The fix is np.clip(array, 0, 255), which clamps every value to the valid range before the uint8 conversion. A pixel value of 260 becomes 255 instead of wrapping to 4.

plt.figure(figsize=[18, 5])
plt.subplot(131); plt.imshow(img[:, :, ::-1]); plt.title("Original")
plt.subplot(132); plt.imshow(img_higher1[:, :, ::-1]); plt.title("Higher (1.1x): clipped")
plt.subplot(133); plt.imshow(img_higher2[:, :, ::-1]); plt.title("Higher (1.2x): clipped")
plt.show()

Contrast adjustment with np.clip - clean result

With clipping, both contrast-enhanced images look natural. Bright areas saturate to pure white rather than wrapping to dark values. This is a fundamental pattern in image processing: always clip or saturate after arithmetic operations on pixel values.

Key Takeaway

When performing arithmetic on images, pixel values can exceed the [0, 255] range. Converting directly to uint8 causes wraparound artifacts. Always use np.clip(result, 0, 255) before the type conversion to get correct results.
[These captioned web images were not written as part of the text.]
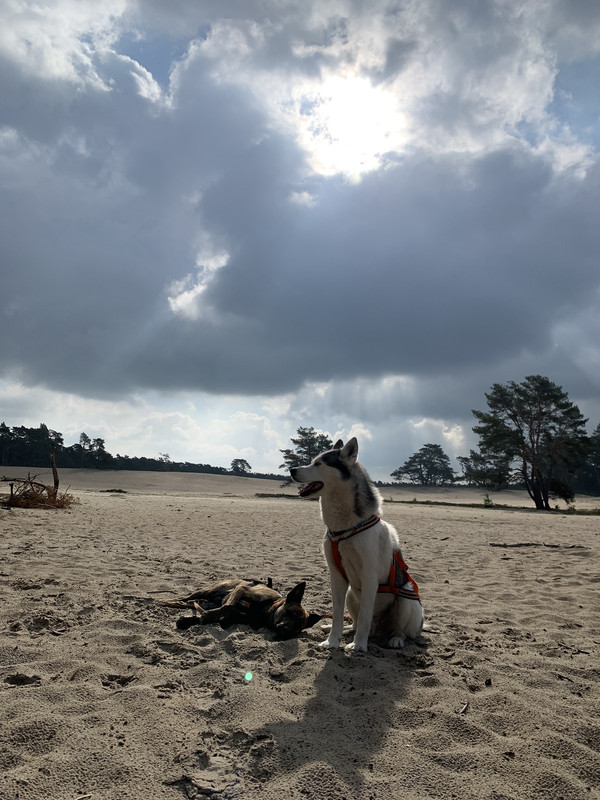 D21DE48E-1438-41FD-9074-1C2D36B70B93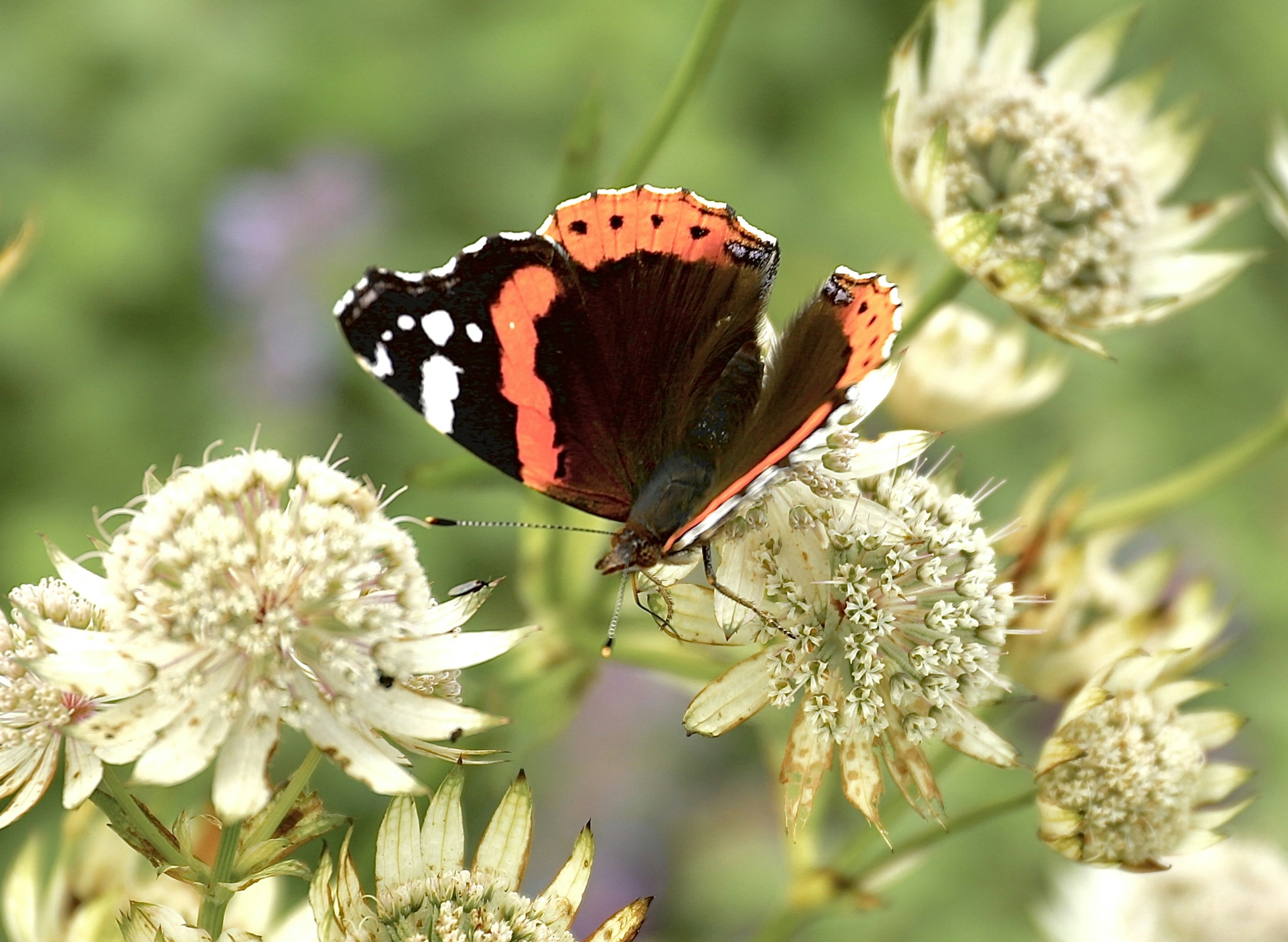 a close up of a butterfly on a flower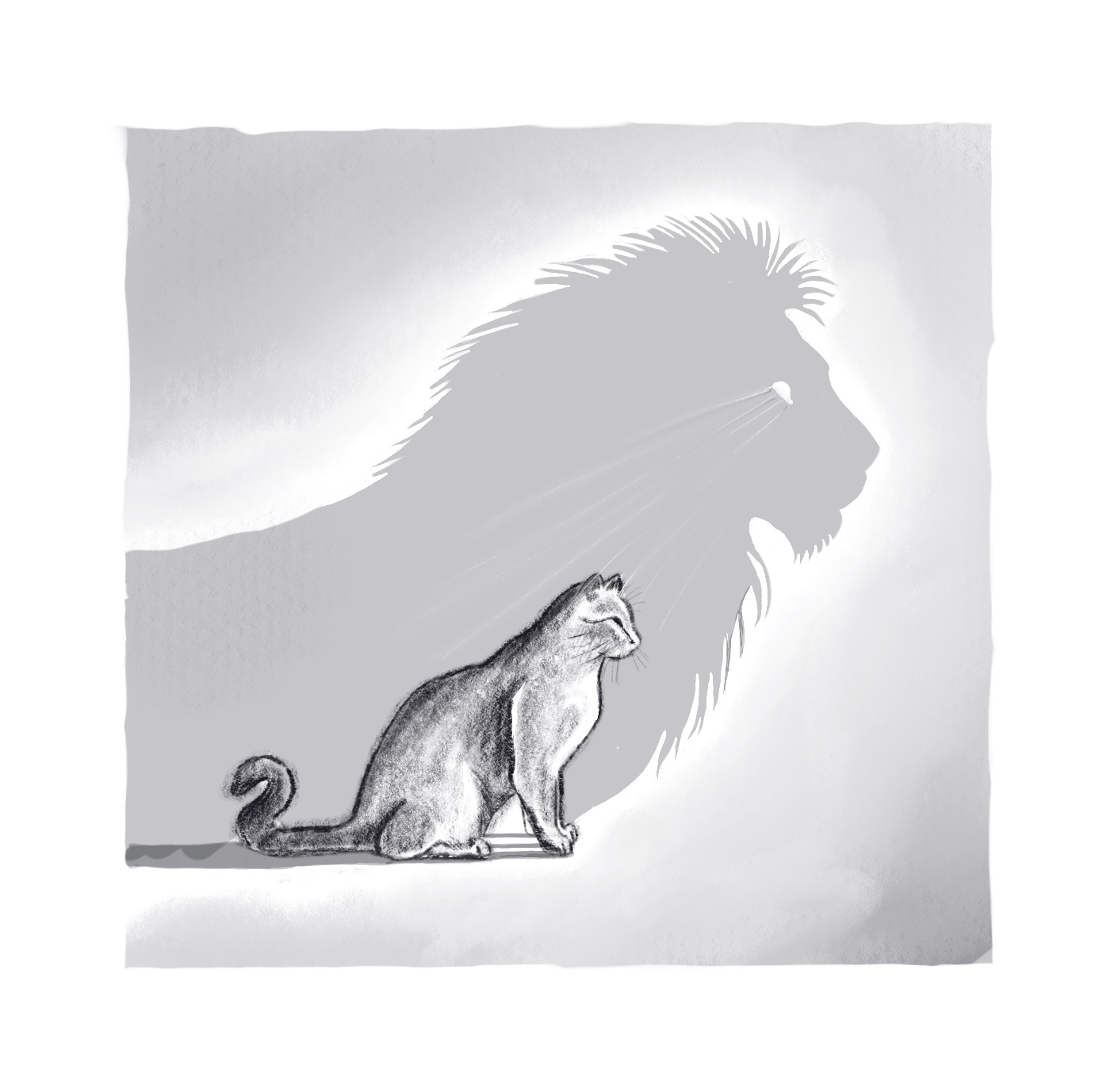 Kitty's Shadow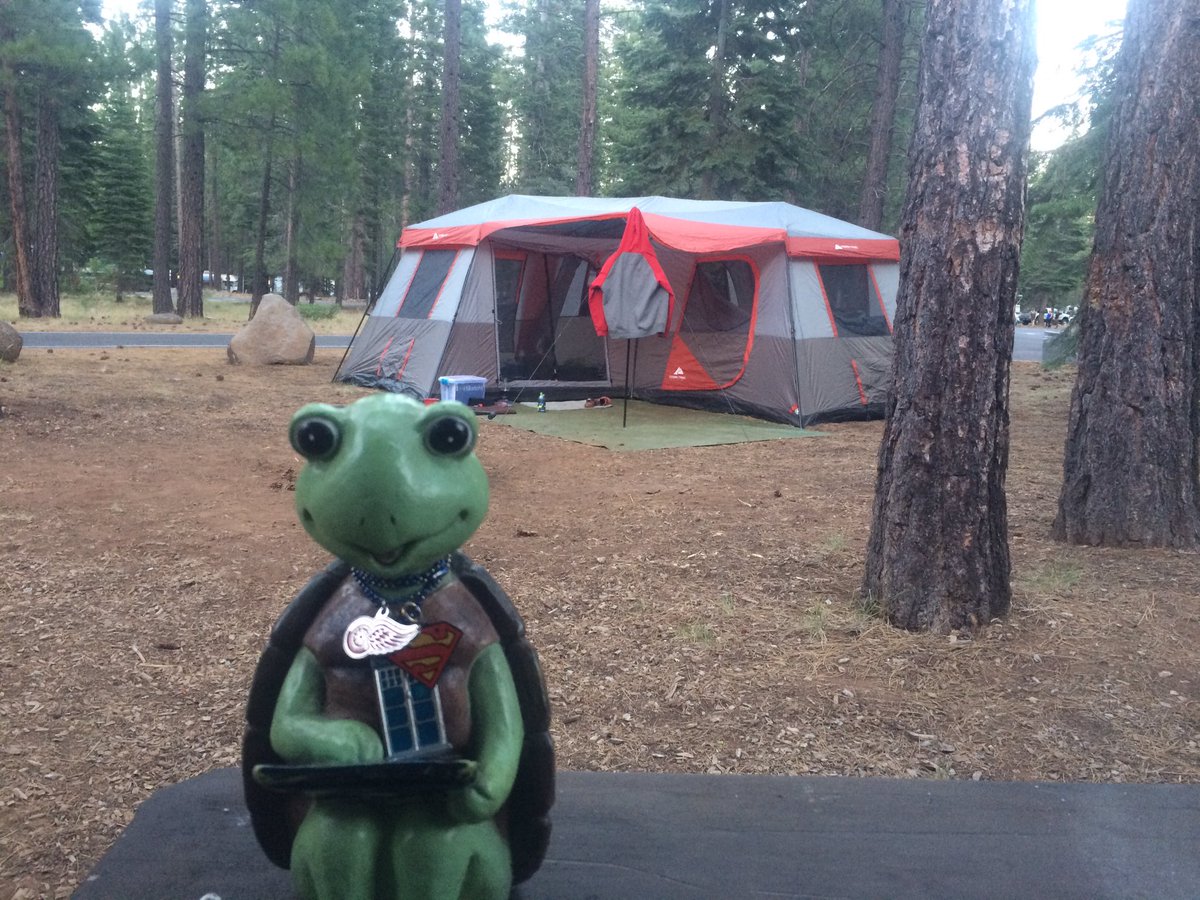 TurtleTyme713's tweet photo. Home sweet Home for a few nights with other Nelsons! #thetravelingturtle #thetoddlets @toddlarowe https://t.co/d3MiiYCklp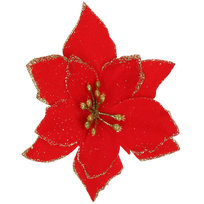 Polecane produkty w promocyjnych cenach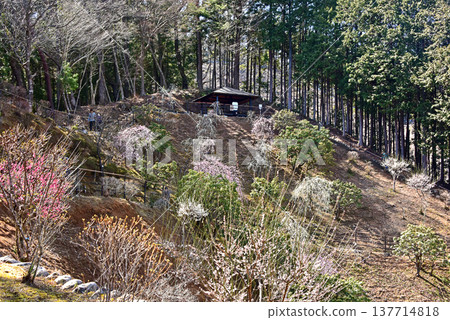 東京青梅市吉野梅村,梅花盛開的美景。 東京青梅市吉野梅村,梅花盛開的美景。 137714818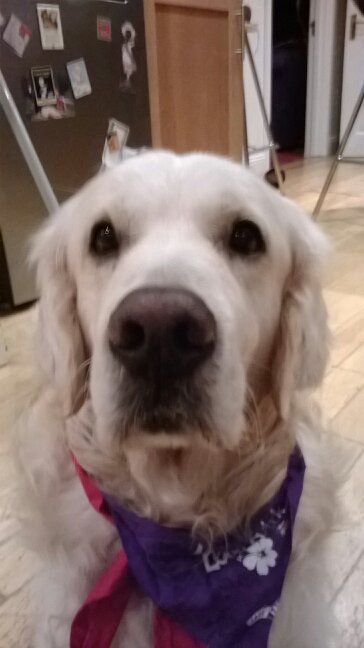 keOghMG's profile picture. 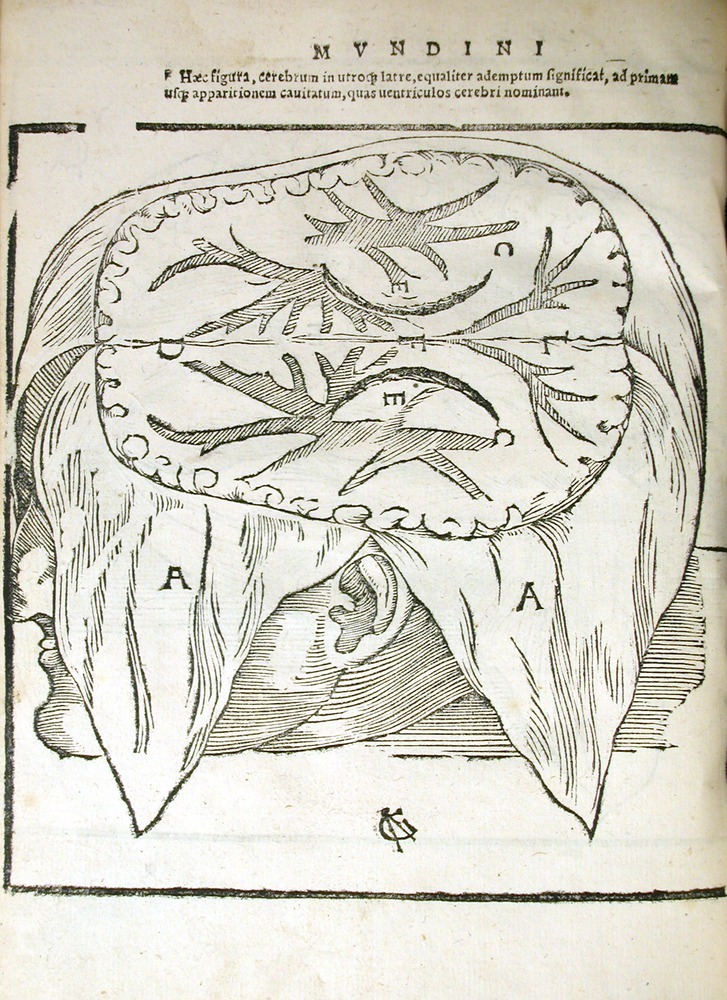 История изучения мозга от Древнего Египта до начала XX века - 13 История изучения мозга от Древнего Египта до начала XX века - 13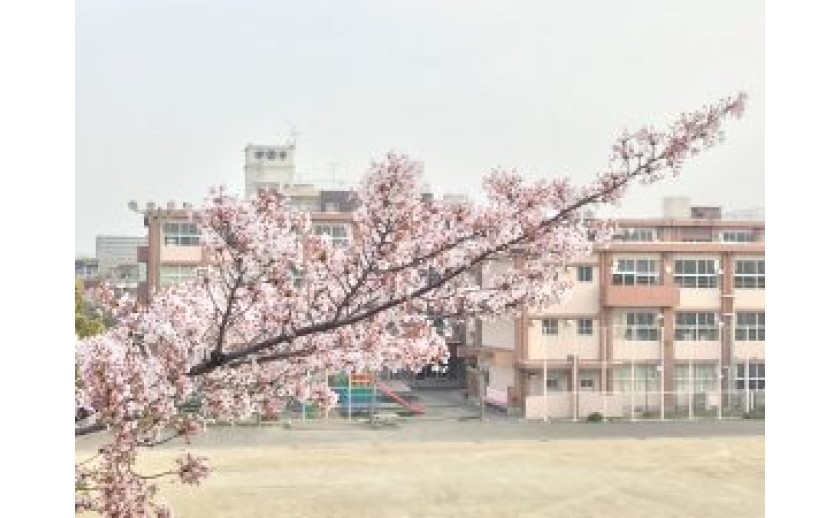 桜 満開!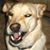 Paul Sycamore's profile image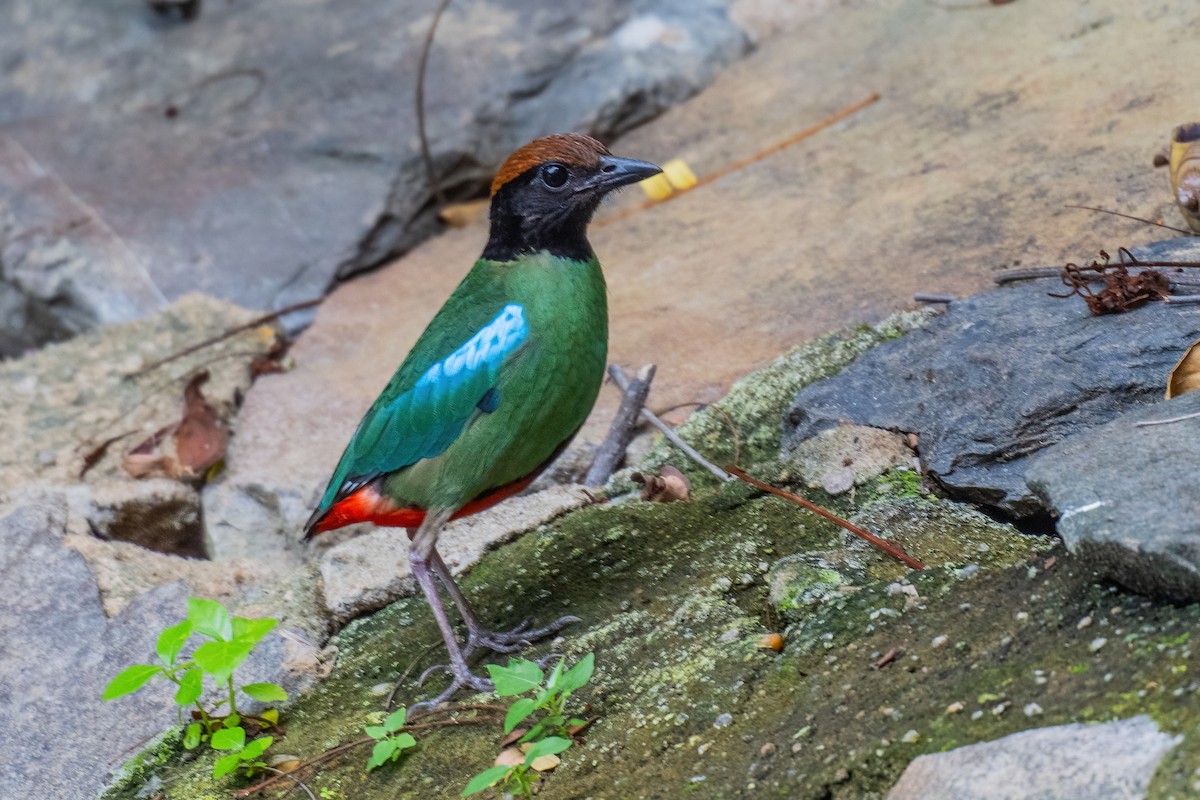 Western Hooded Pitta (Chestnut-crowned) - ML646969579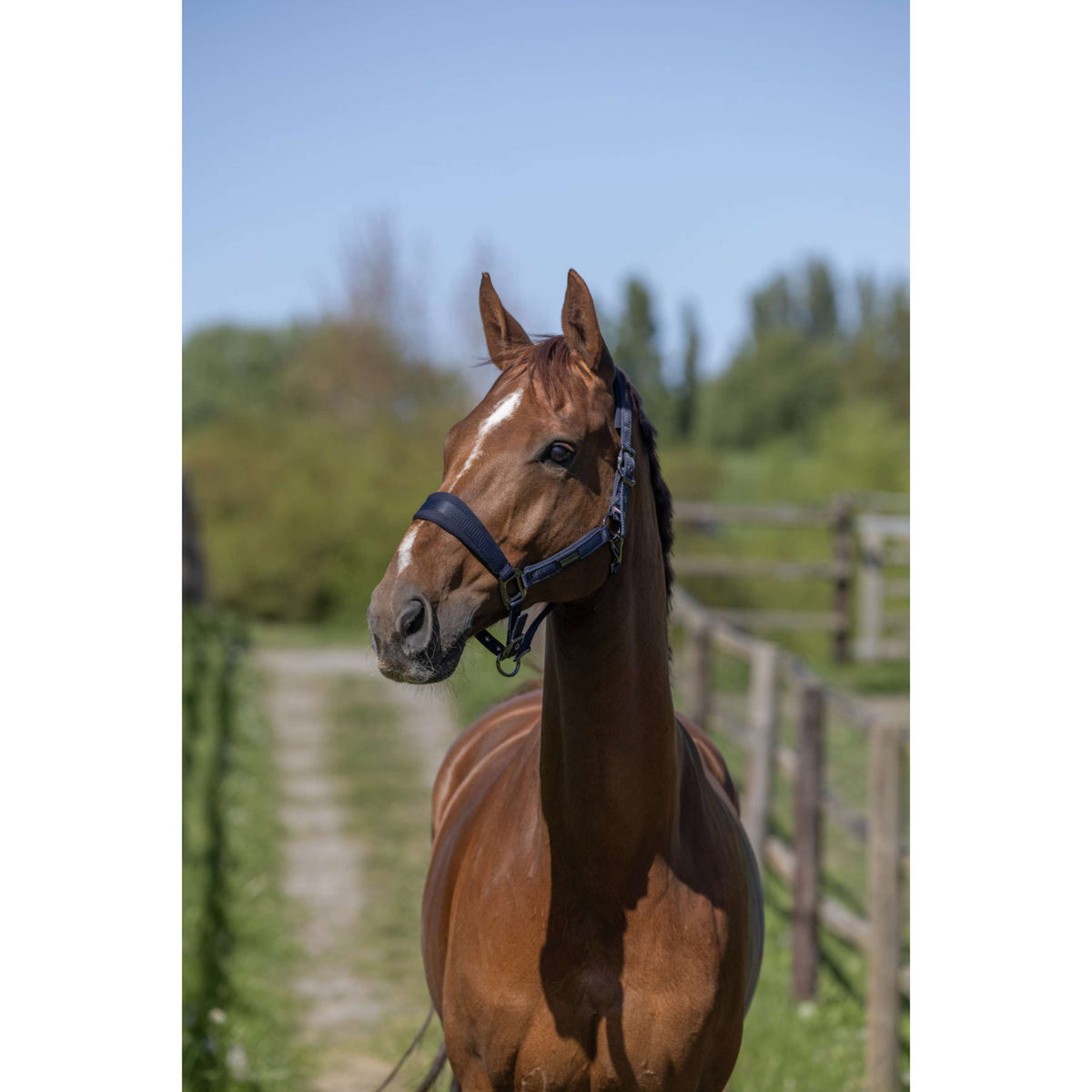 Kingsland Halsterset KLLucca Navy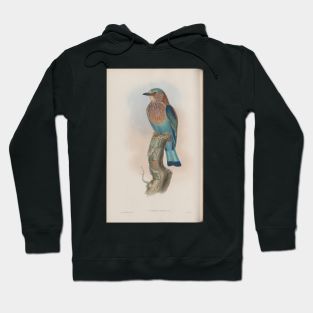 Perching Bird Hoodie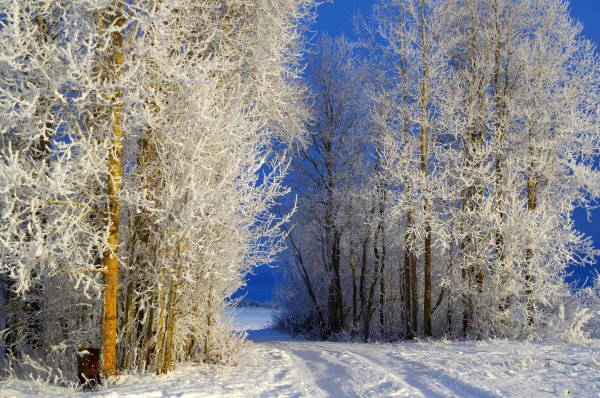 Зимний пейзаж иней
Exercise 2: Thresholding Sheet Music

This exercise applies global binary thresholding to a sheet music scan - a practical use case for document binarization where we want to separate ink (notes, staves, text) from the paper background.

Loading as Grayscale

img = cv2.imread('Sheet_Music_Test-1.jpg', cv2.IMREAD_GRAYSCALE)

We load the sheet music image directly in grayscale since we only care about intensity (dark ink vs. light paper). This gives us a single-channel image where each pixel is a value from 0 (black) to 255 (white).

Applying an Inverse Binary Threshold

retval, img_thresh = cv2.threshold(img, 130, 255, cv2.THRESH_BINARY_INV)

Let's break down the parameters:

  • img - the grayscale input image
  • 130 - the threshold value. Pixels are classified based on whether they fall above or below this value
  • 255 - the maximum value assigned to pixels that pass the threshold test
  • cv2.THRESH_BINARY_INV - inverse binary mode: pixels below the threshold become 255 (white), and pixels above become 0 (black)

The inverse mode (_INV) is useful here because the ink (which we want to highlight) is darker than the paper. With inverse thresholding, the musical notes and staves become white on a black background.

plt.figure(figsize=[14, 5])
plt.subplot(121); plt.imshow(img); plt.title('Original')
plt.subplot(122); plt.imshow(img_thresh); plt.title('Thresholded (global)')
plt.show()

Sheet music thresholding result

The thresholded result reveals the challenge with global thresholding on unevenly lit documents. The sheet music has a shadow gradient across the page (darker in the upper-left corner). Because we use a single threshold value of 130 for the entire image, the shadowed region is misclassified as "ink" - it produces a large white blob where the shadow was.

Key Takeaway

Global thresholding works well when lighting is uniform, but struggles with shadows and uneven illumination. For real-world document processing, adaptive thresholding (cv2.adaptiveThreshold) computes a local threshold for each pixel neighborhood, making it far more robust to lighting variations.